The organization has the support of the National Black Correctional Officers Association.
When she arrived at San Quentin in 1978, two weeks after graduating from Sonoma State University, she was one of the first women to work in a prison housing unit. Woodford spent 26 years at San Quentin, including four years as warden.
“I killed four people for the State of California. It didn’t make anything better for anyone. On the day of an execution,” she said in her Dec. 6 talk, “you get up in the morning knowing you are going to kill a person.”
She would ask herself if the world would be any safer and answered “no.”

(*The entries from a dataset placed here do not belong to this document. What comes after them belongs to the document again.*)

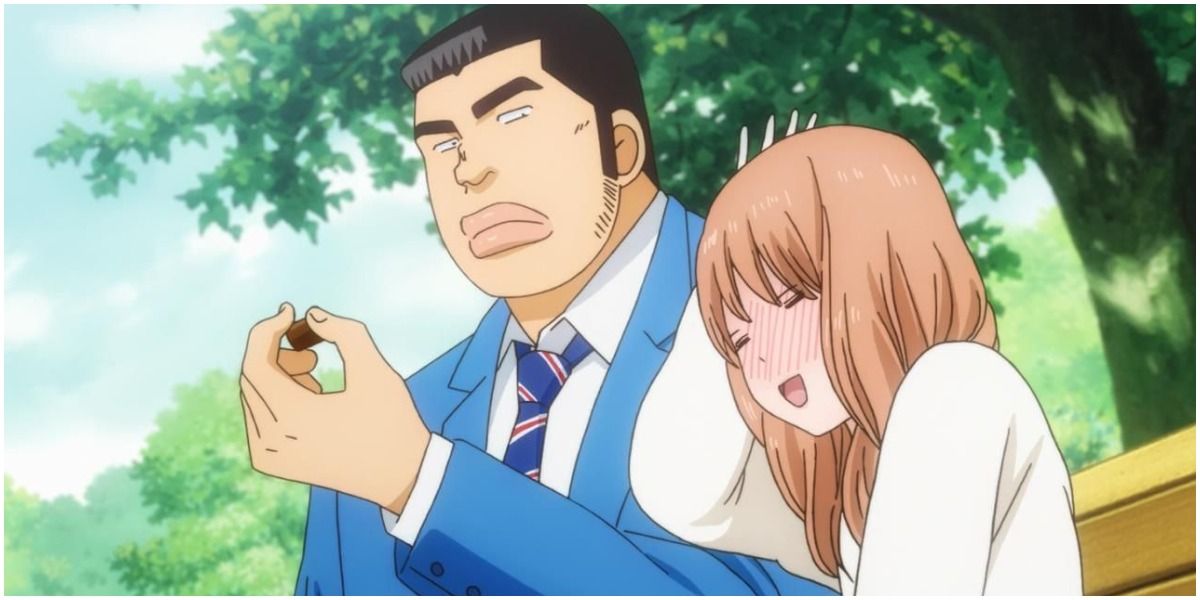 Bashful Rinko and Takeo share treats in the park  in My Love Story!!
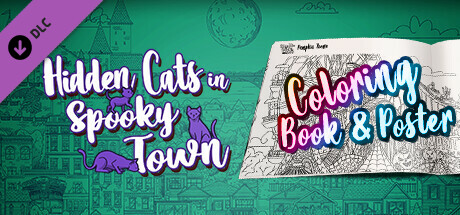 Hidden Cats in Spooky Town - Printable PDF Coloring Book and Poster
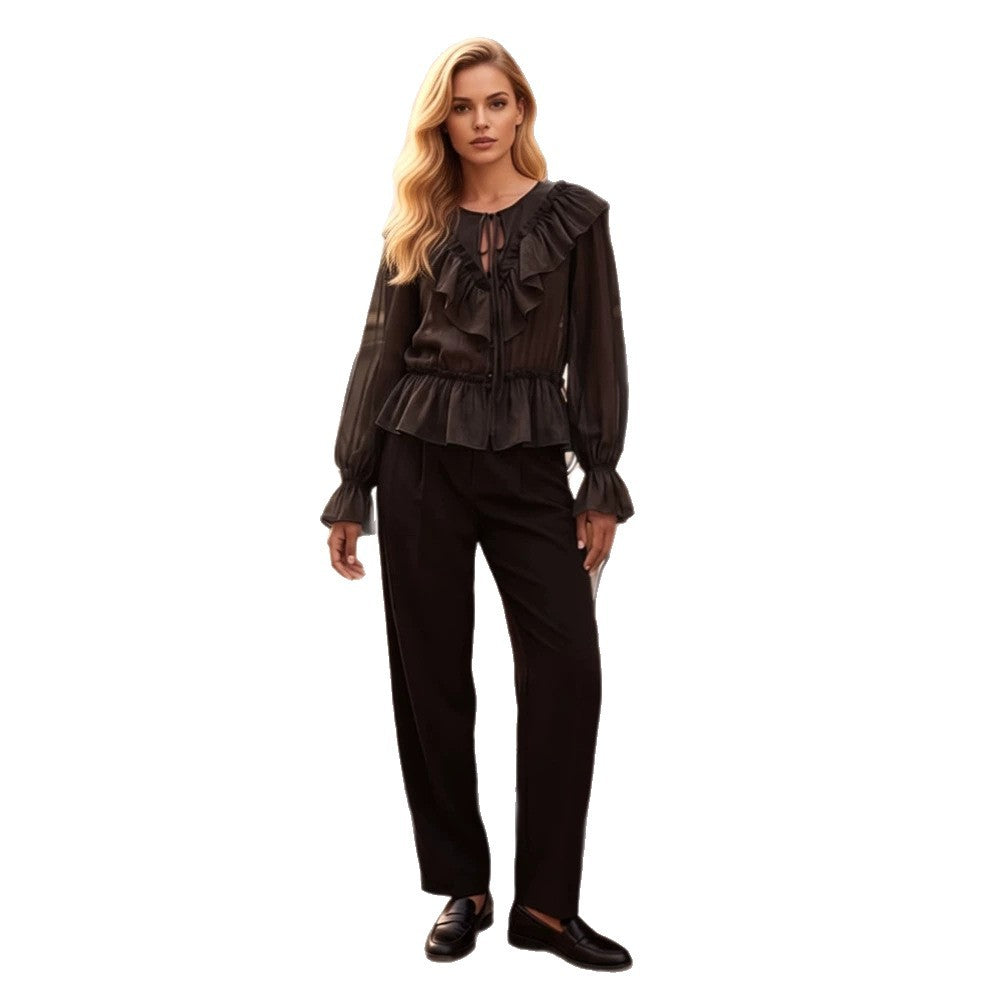 Women Ruffled transparent chiffon blouse with flounce peplum, long balloon sleeves and drawstring closure Chichicherry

“I would be surprised if any warden who has witnessed an execution is in favor of the death penalty. It doesn’t work, and it is very costly,” she said.
California has spent $4 billion on capital punishment since restoring the death penalty in 1977, she said. During that time, 13 prisoners have been executed, which breaks down to $308 million per execution, she said. The cost is expected to rise to $9 billion by 2030.
It is estimated that sentencing to life without parole instead of parole would save the state more than $184 million a year.
“Executions have an emotional effect on staff who carries them out,” she said.
She stated other statistics: 139 condemned people in the U.S. have been found innocent, and at least three who were executed are believed innocent.
States with the death penalty have the highest crime rates, she noted. For instance, New York, where there is no death penalty, has a crime rate 40 percent lower than California’s.
A new Death Row is likely to be built in Marin, she said.
“When I was warden, Gov. Gray Davis tried to move Death Row. It would have cost $210 million then. The cost today is estimated at $400 million,” Woodford told the audience.